Social
Security:
Don't
Just Fix the Symptom, Solve the Problem
By
Pat Conover, Policy Advocate, United Church of Christ, Office
for Church in Society and Chair, Interreligious Social Security
Task Force [conoverp@ucc.org]
The 1998 Report
of the Social Security Trustees predicts a long-range financial
problem for Social Security. There have been two primary policy
proposals which respond to the problem as posed by the Trustees.
Those favoring individual private accounts are intent on taking
advantage of a perceived vulnerability in Social Security to
alter the basic purpose and funding mechanisms. Criticisms
of this hostile response to Social Security can be found in
other places. President Clinton's plan directly addresses the
symptom of a predicted long-range financial problem by investing
much more money in the Old-Age, Survivors and Disability Insurance
Trust Funds. The President's plan defends the basic purposes
of Social Security and deserves to be passed. But the President's
plan does not address the problem that leads the Trustees to
predict the long-range financial problem.
The usual
understanding of the predicted long-range financial problem
is that there will be a lot more benefits to pay when the Baby
Boomer's begins to retire and that retirees are living a lot
longer and will receive more benefits per person. This is an
accurate, but significantly inadequate, understanding of the
problem named by the Trustees.
The big
problem identified by the Trustees is their prediction that
the economy is going to grow about half as fast in the next
75 years as it has in the past 75 years. If that happens, it
will mess up the stock market, the revenues for general government
operations, the lifestyle of every generation and Social Security.
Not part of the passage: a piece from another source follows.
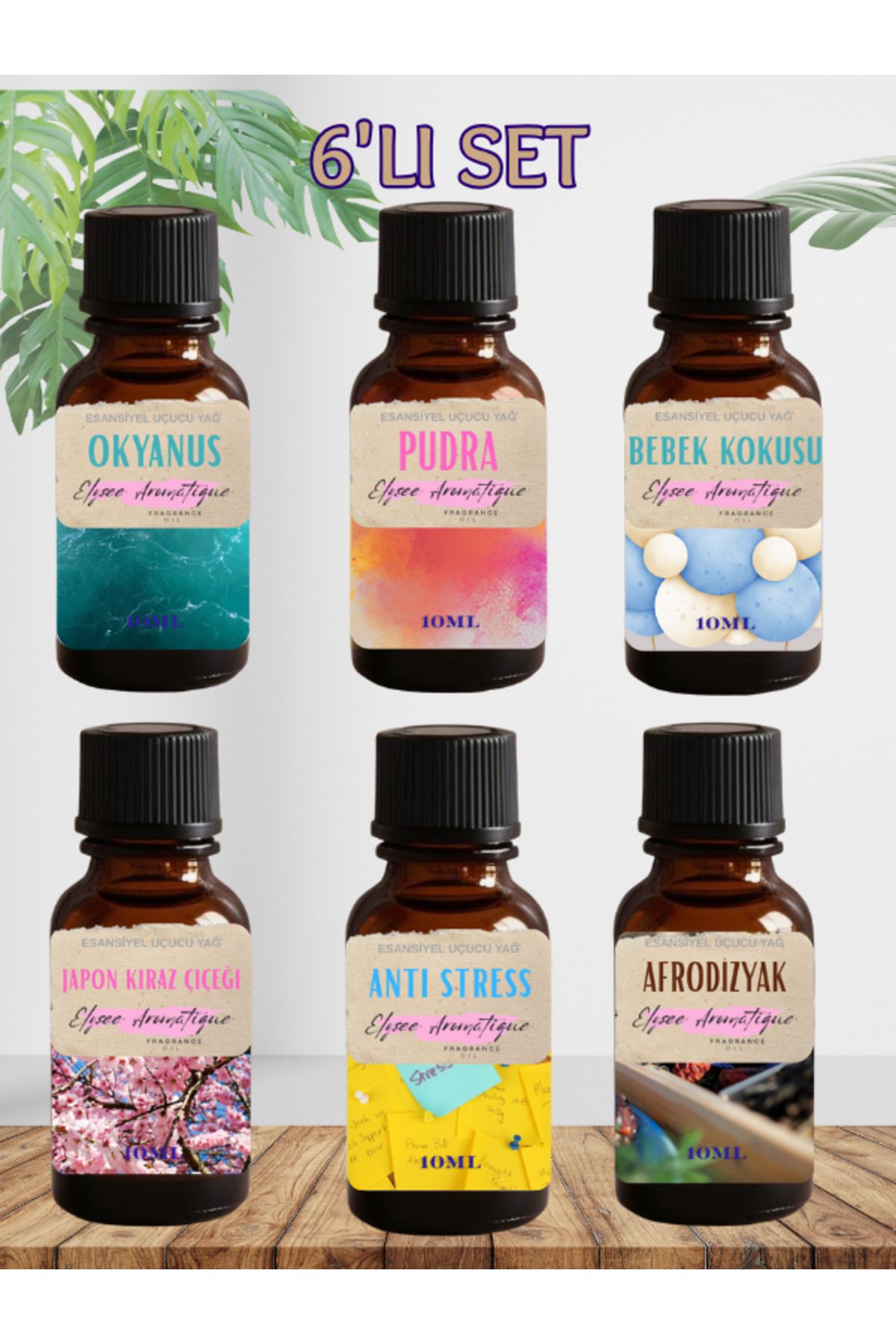 Elysee Aromatique 6'lı Set Esansiyel Uçucu Koku Yağı Difüzör Esansı Buhurdanlık Yağı Aromaterapi Yağı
Because Social Security is such a big program, it is going
to be hard to fix without fixing the whole economy.
Why do the
Trustees think the economy will slow down? The core of their
answer is that they are predicting a VERY slow growing work
force. Such a slow growing work force would cause a slow growing
economy, which would cause more unemployment and lower pay,
which would cause less payroll tax revenue to support Social
Security. The slow growth of the work force will become very
noticeable, they predict, when the Baby Boomers are retiring
from the work force and comparatively few new workers are entering
the work force. Fewer new workers will be entering the work
force because the birth rate in the United States has been
low for a long time, and they predict it will stay low.
The Trustees
have also offered a more optimistic (low cost) prediction about
the financial future of Social Security, a prediction of no
problem at all. For the key birth rate variable, the difference
is between 1.9 versus 2.2 children born per woman age 15 to
45. This is not a huge problem to overcome. Social investments
to improve the work force can make up this difference. The
106th Congress needs to devote more attention and resources
to education and training, to helping people move from welfare
to work, to overcoming disability, to encouraging older workers
who are able to stay in the work force, to ending discrimination
against various categories of workers, to increasing the minimum
wage and to strengthening child care and health care benefits.
In addition, new attention needs to be paid to welcoming immigrants
to the United States and helping them integrate into the work
force.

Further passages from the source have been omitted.